**Instructions for the task**
Find the line with "this 320×180 image." in the data below, then restate it and all remaining lines exactly, adding nothing.

**Data for the task**
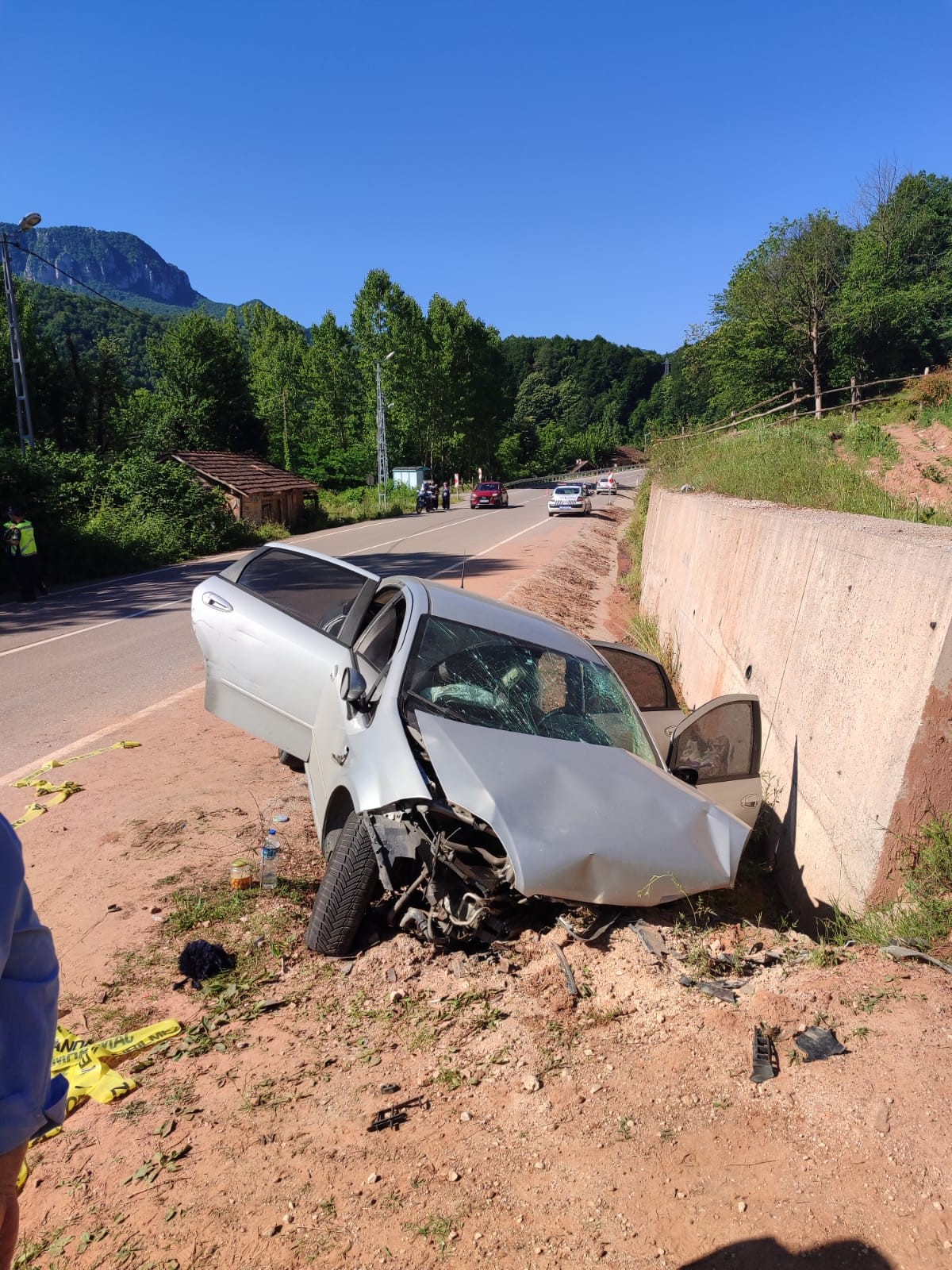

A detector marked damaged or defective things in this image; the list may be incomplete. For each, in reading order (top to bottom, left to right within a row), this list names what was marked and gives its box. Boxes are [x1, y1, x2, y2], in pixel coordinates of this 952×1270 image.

wrecked silver car [190, 543, 766, 955]
shattered windshield [403, 614, 665, 762]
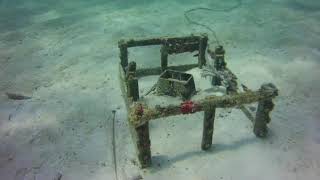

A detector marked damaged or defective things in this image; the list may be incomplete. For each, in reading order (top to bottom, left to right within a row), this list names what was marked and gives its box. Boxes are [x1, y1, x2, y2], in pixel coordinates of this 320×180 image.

corroded metal leg [254, 83, 276, 138]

**Answer section**
A detector marked damaged or defective things in this image; the list may be incomplete. For each, in reading order (top to bottom, left to right within a row), this list names what was marked and gives its box. Boxes are [x1, y1, x2, y2], in pixel coordinates of this 320×180 image.

corroded metal leg [254, 83, 276, 138]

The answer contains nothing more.